Außenansicht des Marc-Aurel-Flagshipstores in Gütersloh mit Schaufensterauslage und Logo
Außenansicht des Marc-Aurel-Flagshipstores in Gütersloh mit Schaufensterauslage und Logo

Die Fortführung der Geschäfte gibt einem Kollegen, der die Branche verfolgt, etwas gemeinsamen Kontext.

Marc Aurel meldet Insolvenz Handlungsfluss und Kernfakten

Der deutsche Damenmode-Anbieter Marc Aurel aus Gütersloh hat im Mai 2026 Insolvenz angemeldet und befindet sich nun in einem Eigenverwaltungsverfahren. Der Düsseldorfer Rechtsanwalt Frank Kebekus wurde zum Sachwalter ernannt. Trotz der Insolvenz bleibt der Betrieb vorerst unverändert: Alle Filialen – darunter der Flagshipstore in Gütersloh sowie Outlets in Berlin, Lüneburg, Neumünster und Ochtrup – bleiben geöffnet. Auch der Online-Shop und die Partnerschaften mit weiteren Modegeschäften laufen weiter. Das Unternehmen beschäftigt mehr als 100 Mitarbeiter und erzielte 2024 einen Umsatz von rund 25 Millionen Euro.
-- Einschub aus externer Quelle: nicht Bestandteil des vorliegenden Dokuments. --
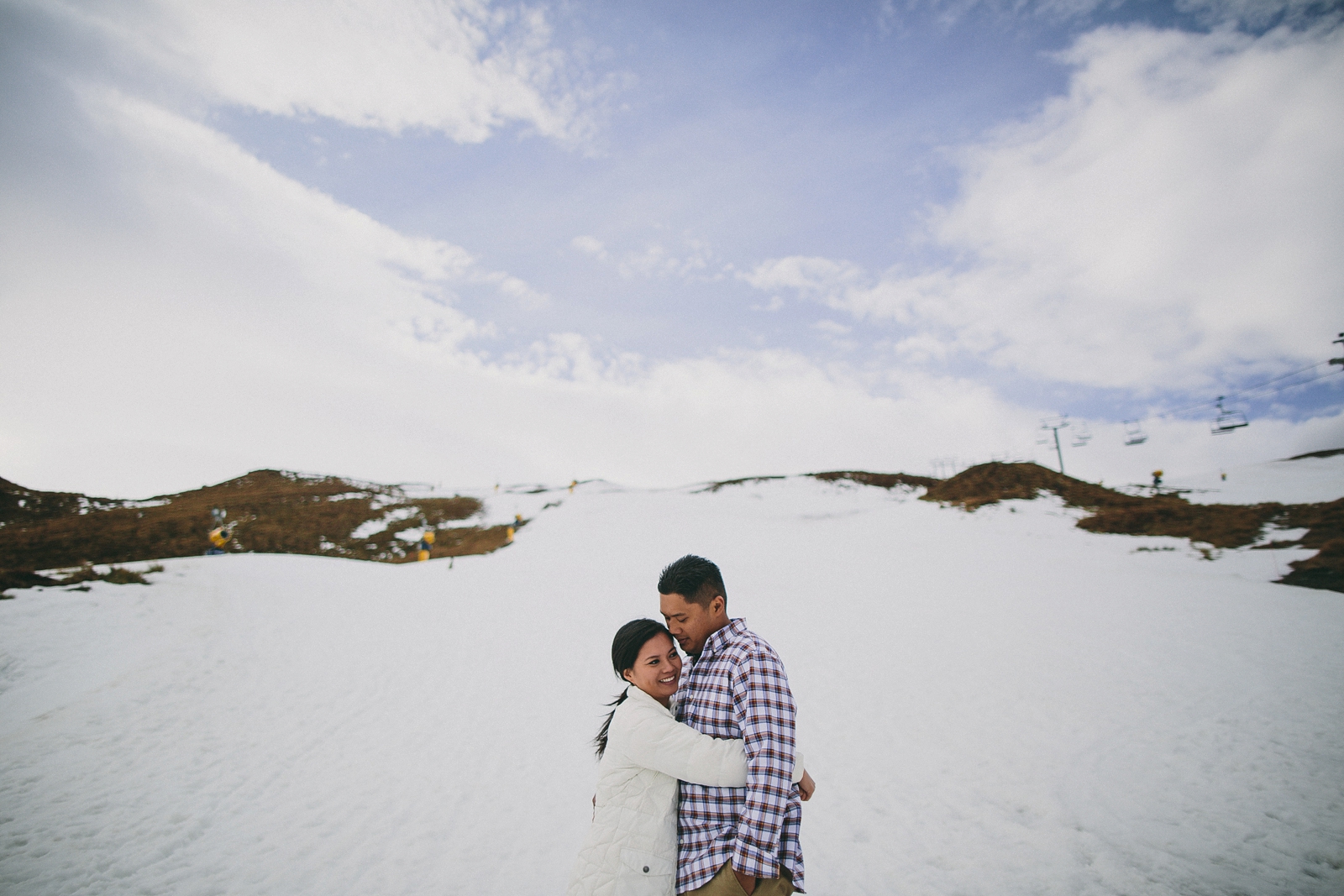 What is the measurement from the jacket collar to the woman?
38cm

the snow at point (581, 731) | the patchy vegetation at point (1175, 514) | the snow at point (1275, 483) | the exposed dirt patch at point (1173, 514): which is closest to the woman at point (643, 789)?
the snow at point (581, 731)

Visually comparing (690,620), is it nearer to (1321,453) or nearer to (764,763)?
(764,763)

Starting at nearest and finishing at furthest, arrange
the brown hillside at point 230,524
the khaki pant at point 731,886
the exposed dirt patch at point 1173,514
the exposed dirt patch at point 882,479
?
the khaki pant at point 731,886, the exposed dirt patch at point 1173,514, the brown hillside at point 230,524, the exposed dirt patch at point 882,479

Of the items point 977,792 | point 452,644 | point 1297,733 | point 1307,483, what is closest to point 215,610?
point 452,644

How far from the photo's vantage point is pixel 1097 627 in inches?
466

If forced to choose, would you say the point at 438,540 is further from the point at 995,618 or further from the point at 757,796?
the point at 757,796

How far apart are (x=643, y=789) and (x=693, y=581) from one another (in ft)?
3.50

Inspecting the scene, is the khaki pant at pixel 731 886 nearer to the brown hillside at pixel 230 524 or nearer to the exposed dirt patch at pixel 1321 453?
the brown hillside at pixel 230 524

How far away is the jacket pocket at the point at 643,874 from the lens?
2395mm

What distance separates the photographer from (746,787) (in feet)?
7.54

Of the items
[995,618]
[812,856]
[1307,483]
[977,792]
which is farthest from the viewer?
[1307,483]

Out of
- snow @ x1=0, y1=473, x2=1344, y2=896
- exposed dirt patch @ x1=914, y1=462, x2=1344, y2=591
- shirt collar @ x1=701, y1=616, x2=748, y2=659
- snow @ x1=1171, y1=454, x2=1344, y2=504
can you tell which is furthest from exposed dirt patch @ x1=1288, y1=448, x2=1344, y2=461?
shirt collar @ x1=701, y1=616, x2=748, y2=659

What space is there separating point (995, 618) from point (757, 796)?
45.5 ft

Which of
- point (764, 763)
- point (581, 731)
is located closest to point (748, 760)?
point (764, 763) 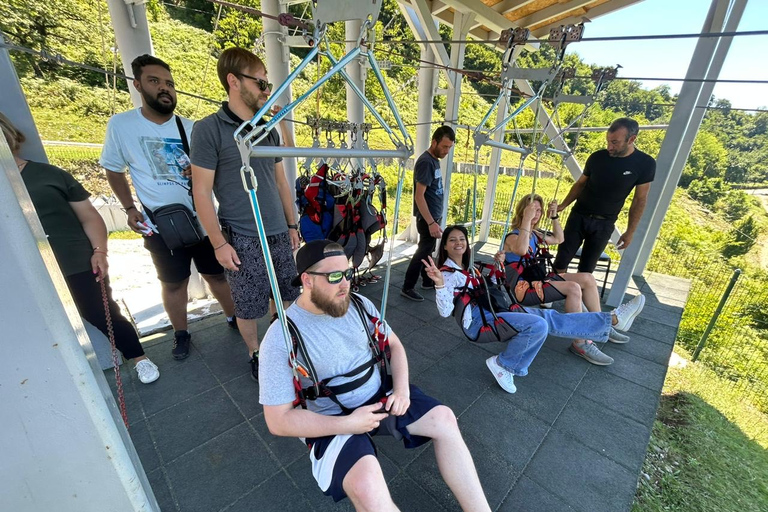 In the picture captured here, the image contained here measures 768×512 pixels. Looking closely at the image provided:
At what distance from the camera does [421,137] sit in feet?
15.2

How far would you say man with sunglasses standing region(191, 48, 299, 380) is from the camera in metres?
A: 1.52

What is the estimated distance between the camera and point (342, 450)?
118 centimetres

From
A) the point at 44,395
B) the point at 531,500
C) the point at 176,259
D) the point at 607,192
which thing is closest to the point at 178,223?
the point at 176,259

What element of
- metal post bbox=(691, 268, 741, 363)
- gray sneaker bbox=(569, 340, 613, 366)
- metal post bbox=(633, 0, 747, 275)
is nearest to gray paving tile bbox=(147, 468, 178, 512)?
gray sneaker bbox=(569, 340, 613, 366)

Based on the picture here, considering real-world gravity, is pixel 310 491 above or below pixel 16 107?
below

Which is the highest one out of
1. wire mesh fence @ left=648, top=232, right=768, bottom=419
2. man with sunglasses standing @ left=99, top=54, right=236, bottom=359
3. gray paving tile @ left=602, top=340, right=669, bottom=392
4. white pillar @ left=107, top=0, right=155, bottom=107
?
white pillar @ left=107, top=0, right=155, bottom=107

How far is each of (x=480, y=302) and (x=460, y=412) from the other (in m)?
0.71

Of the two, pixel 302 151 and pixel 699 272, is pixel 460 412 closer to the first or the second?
pixel 302 151

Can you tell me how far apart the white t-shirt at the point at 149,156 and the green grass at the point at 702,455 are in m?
3.07

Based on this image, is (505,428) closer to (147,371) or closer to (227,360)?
(227,360)

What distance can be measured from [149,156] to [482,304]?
7.38 feet

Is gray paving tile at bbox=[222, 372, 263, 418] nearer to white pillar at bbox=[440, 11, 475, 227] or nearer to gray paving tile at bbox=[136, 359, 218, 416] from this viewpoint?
gray paving tile at bbox=[136, 359, 218, 416]

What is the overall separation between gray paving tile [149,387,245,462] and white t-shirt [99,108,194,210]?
122 centimetres

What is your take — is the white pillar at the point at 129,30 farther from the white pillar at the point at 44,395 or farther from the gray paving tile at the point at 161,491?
the gray paving tile at the point at 161,491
Im Jahr 2025 rutschte Marc Aurel jedoch in die Verlustzone, was die wirtschaftliche Schieflage einleitete.

Gegründet wurde das Unternehmen 1972 von Reinhold Richter, der zunächst Damenhosen entwickelte. Ab 1979 folgte eine komplette Damenkollektion. Ursprünglich wurde in Deutschland produziert, ab 1984 jedoch sukzessive in Länder wie Polen, die Türkei und verschiedene asiatische und osteuropäische Staaten ausgelagert. Heute positioniert sich Marc Aurel zwischen Premium- und Mainstream-Segment und wirbt mit dem Anspruch, das Modegefühl der modernen Frau zu treffen. Die aktuelle Krise spiegelt die wachsenden Herausforderungen in der Textilbranche wider, in der zahlreiche Anbieter mit sinkenden Umsätzen und strukturellem Wandel kämpfen.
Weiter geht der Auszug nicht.